It's not a simple problem folks!  I know, I complicated it WAY more
than needs be, but it's pretty hard to solve this one (correctly)
without using a continuous function.

Having said that...I may have made a slight mistake.  As I was driving
into work this morning, I passed a patch of trees and thought to
myself...do'h!  Yesterday, as I was typing up the response, I got
called away to a meeting.  I returned and continued typing, but
post-meeting, I used the wrong function.  It seems I used the function
for continuous interest, like what you'd have in an ideal savings
account instead of continuous discharge, like what you have in a
capacitor.  Whoops; I guess my fingers got ahead of my mind there...

OK, so go ahead and disregard everything after...

"So, let's look at it this way we'll quantize it by tree and calculate
the time to cut down tree number R."

I'm gonna start right before that statement and hopefully clear things up!

OK, so if we quantize by tree, then 

Q = time to cut a tree = B * [1-e^-(x*R)] where R = tree number and x
is some number, less than 1, which we'll use just to make the math a
bit cleaner.  You don't really need this x value, but if you don't
have it, rounding errors will be more likely.  I'll explain more on
this later.

As I said before, B needs to be a sufficiently large number such that
when the part in brackets approaches 1, meaning once the woodcutter is
better off using the back of the axe because the blade is so dull, it
will take a very long time to cut down the tree.

So, just for argument's sake, let's say B = 100 and x = 0.1.  The
actual value of B makes no difference, as it is factored through.  x
defines how fast the blade dulls.  It takes myoarin's comments into
account regarding there being pine trees vs maple; A cold-tempered
steel axe vs. a lead axe...

Q = 100 [1 - e^-(x*R)]

Q(tree 1) = 9.52
Q(2) = 18.1
Q(3) = 25.9
Q(4) = 32.9
Q(5) = 39.3
Q(6) = 45.1
Q(7) = 50.3
Q(8) = 55.1

you'll notice, of course, that the difference between trees 7 and 8 is
smaller than the difference between trees 1 and 2.  This is because of
what I discussed in my original post regarding how a sharp blade
degrades faster than a dull blade.

As to when it is optimal to sharpen the blade, that does depend on your x value.

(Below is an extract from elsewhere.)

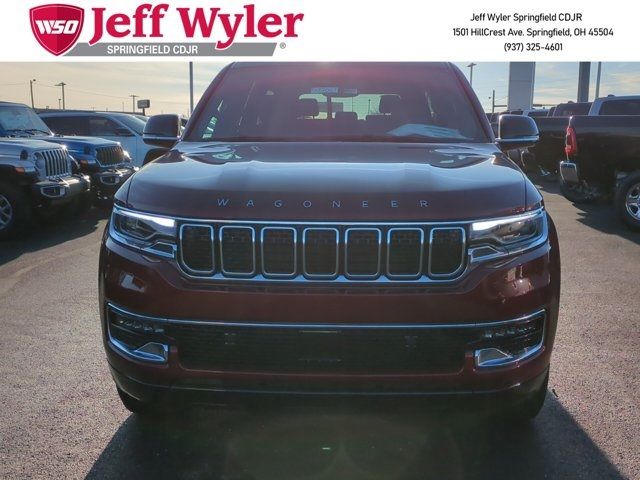 2024 Jeep Wagoneer Base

Here's a spreadsheet that calculates the optimal time to sharpen the
blade based on an x factor (will have to be solved from initial
conditions; that is to say, we have to know how long it takes the
lumberjack to cut down the first tree with a brand new axe) and based
on the time required to sharpen the blade (assumed as a constant
value)

Plug these values into the BLUE boxes, and the optimal sharpening
point will be in the YELLOW box.  It's that simple!

http://www.4shared.com/dir/743663/4fcf225f/sharing.html

and the file is called lumberjack.xls

Be warned that the spreadsheet only allows you to sharpen the blade up
to after tree number 10, as I actually do have to get back to work. 
Also, there is a known bug in it which is a result of Excel limiting
me to 8 IF statements...if the optimal tree shows up as "0", it is
probably tree 9 or 10.


After figuring this whole thing out, here's my recommendation:  go buy a chainsaw.

-toufaroo

Toufaroo,
You are indefatigable, and maybe right.  If you are, I can understand
the woodcutter's logic.  ;-)

By the way, chain saws also dull  - and then are more dangerous than a
dull ax.  But one can replace the chain, if one has an extra one, and
very fast, as I saw last night on a TV show about a Finnish woodsmen
competition  - 15 seconds.
But I guess that is cheating.  The woodcutter could have a second axe,
and the oldtimers had a double-bitted one, but I have forgotten
advantage of that, not just to have a second blade, they were
different.

In a separate calculation, we need to know the optimum sharpening. 
Razor sharp obviously takes more time, but probably isn't that much
more advantageous, since the razor edge will quickly be dulled and the
time used to achieve it wasted.

I have great respect for your calculations, not that I can follow them.
I wonder if in the practical end, the answer gets close to Berkeley's?

Cheers, Myoarin

The traditional solution is for the woodcutter to take on an
aprentice, whos job it is to...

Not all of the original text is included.